Unlike Transparent, the new Amazon series starring Jeffrey Tambor as a trans woman, director Michael Parva decided to cast a real trans woman in the role of Chris. At the most basic level, Antoinette Thornes relates to Chris because of their shared identity as trans women. Everyone, however, can relate to Chris on some level, according to the actress.
"When you watch her, I believe that you can understand the choice that she makes," Thornes explains. "You may not agree with them, but you can still understand why she would choose to do it the way that she did." Regardless of sexual identity or orientation, many dream of the ideal nuclear family. Chris found that with Tony and his children, but "the longer it takes to tell somebody, the harder it becomes to tell somebody." She doesn't conceal her past for any malicious reasons, rather it's because she fears losing what she's gained.
For Thornes, she felt like this was a play she had to do. First, because plays like this are culturally important. "The more people hear about this, the more normative it becomes, and the less likely there is going to be violence," she explains. Even more important than that, she says the play serves as an invaluable educational tool from which audiences can all benefit. After all, "The more you know, the less you hate," Thornes says.
The play's message seems to be that dishonesty by omission has a price. Ultimately, "people fear what they don't understand. It's human nature," Thornes says. "First, you fear it, then you laugh at it, then you accept it. Drawing on timely parallels, she continues: "Think about this, the '60s. They were horrible for black people. It was just, 'We've got to kill it. We've got to kill them. We can't have them getting uppity and talking. We have to kill them.' Then there were the '70s and, all of a sudden, now we have more black people in the mainstream as long as we can keep them as a comic figure--that way we can laugh at them to make ourselves feel more comfortable. Then, we get to the acceptance."
Yet, when it comes to the topic of transitioning, Thornes takes it in stride. She doesn't downplay that it is and has been hard for her and others, but she isn't afraid to say that she feels that she has been lucky when it comes to her personal experiences with transitioning. "Friends come up to me and they say, 'God, I can't imagine the things that you've been through.' I'm like, 'Please, everyone has had their hard times.' There are young kids in West Africa dealing with Ebola.

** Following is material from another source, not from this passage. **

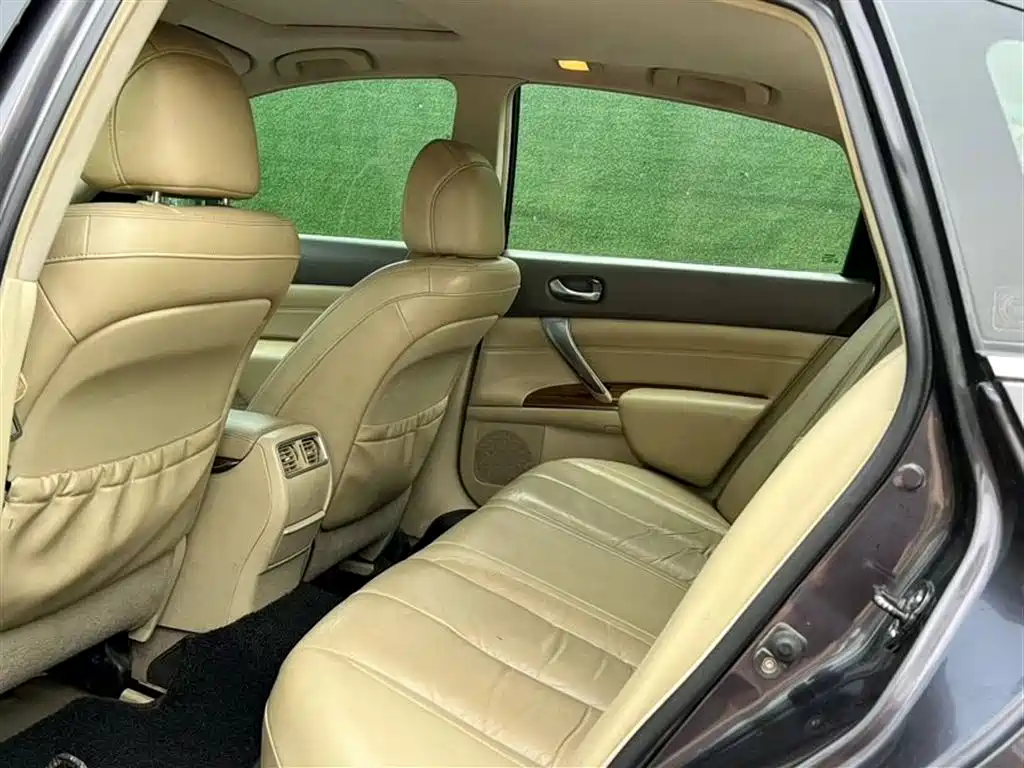Teana 2.5 L XL Anniversary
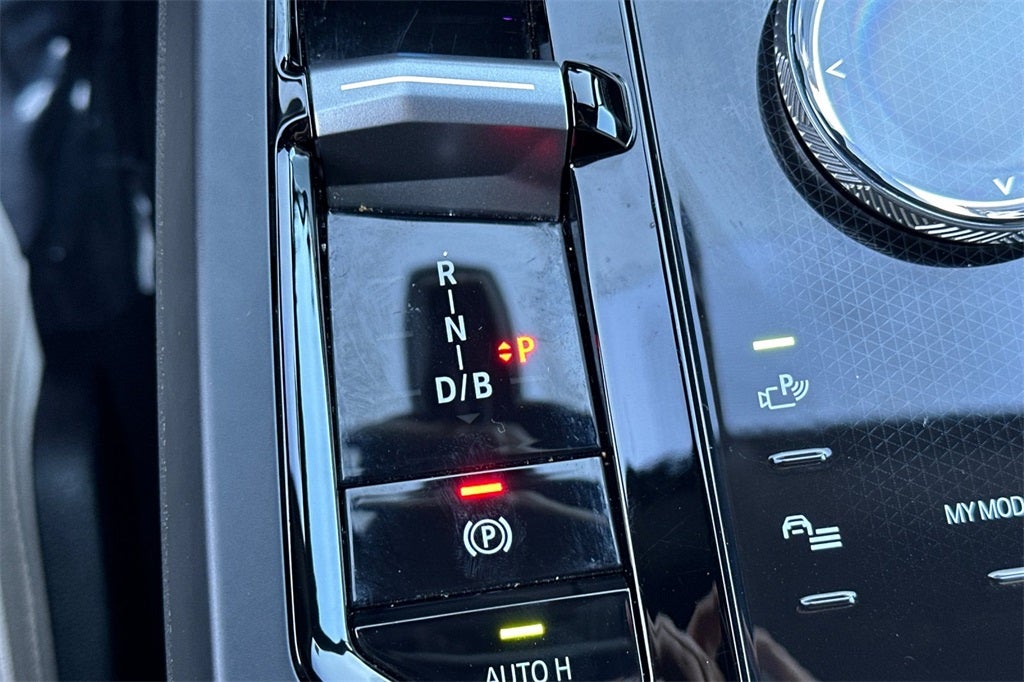 2025 BMW iX xDrive50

Our kids in Detroit right now are dealing with severe poverty. There are so many things out there right now that are worse than what I'm dealing with," she says. "The thing that makes me lucky is that I was able to transition more smoothly. My appearance is that, that when I walk down the street, people just think of me as a girl. They don't see that transgender, so they don't judge me."
However, hailing from a small town, she has faced her own difficult experiences too. "I remember people running me off the road, people throwing bricks in my window, getting beat up, and getting yanked out of my car and getting thrown on the street and beat up," she explains. "Once I fully transitioned, it was much harder for people to be able to tell. And I moved to a new town. Nobody knew who I was, and I was able to live as a woman without any reprisals."

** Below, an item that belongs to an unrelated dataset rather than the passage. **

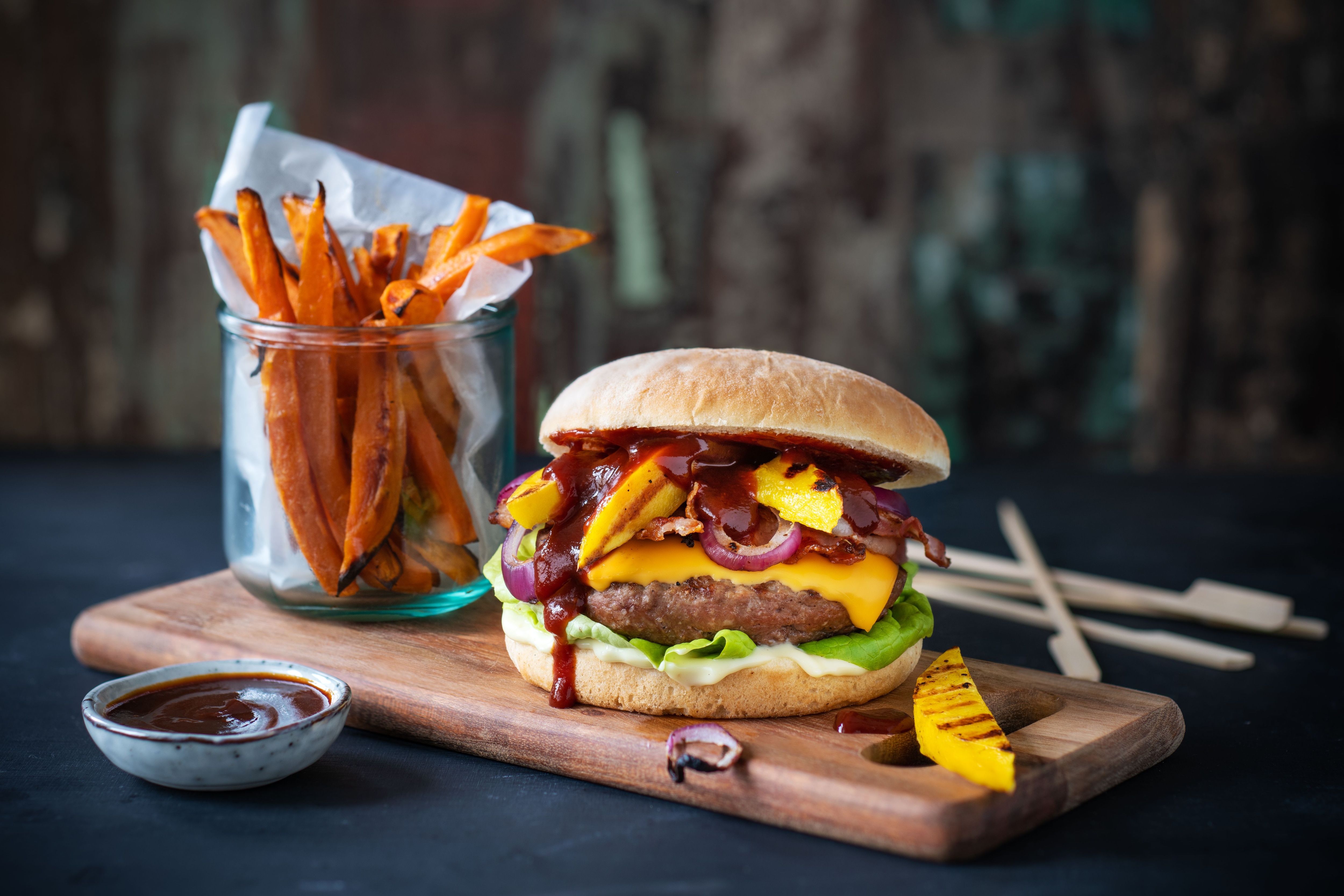 BBQ Burger mit Mango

Despite this, she has deep empathy for others who have it harder than her. "The girls that actually have to deal with that on a daily basis, that cannot get away with just being girls, when people see them on the street they go, 'That's a man!'--they're not men, they are women--but they still haven't got to that point yet where they are undetectable," she says. "Their lives are much more difficult. They are the ones that I would be doing this play for."
On a Stool at the End of a Barcontinues its run at 59E59 Theaters, New York City, through Dec. 14.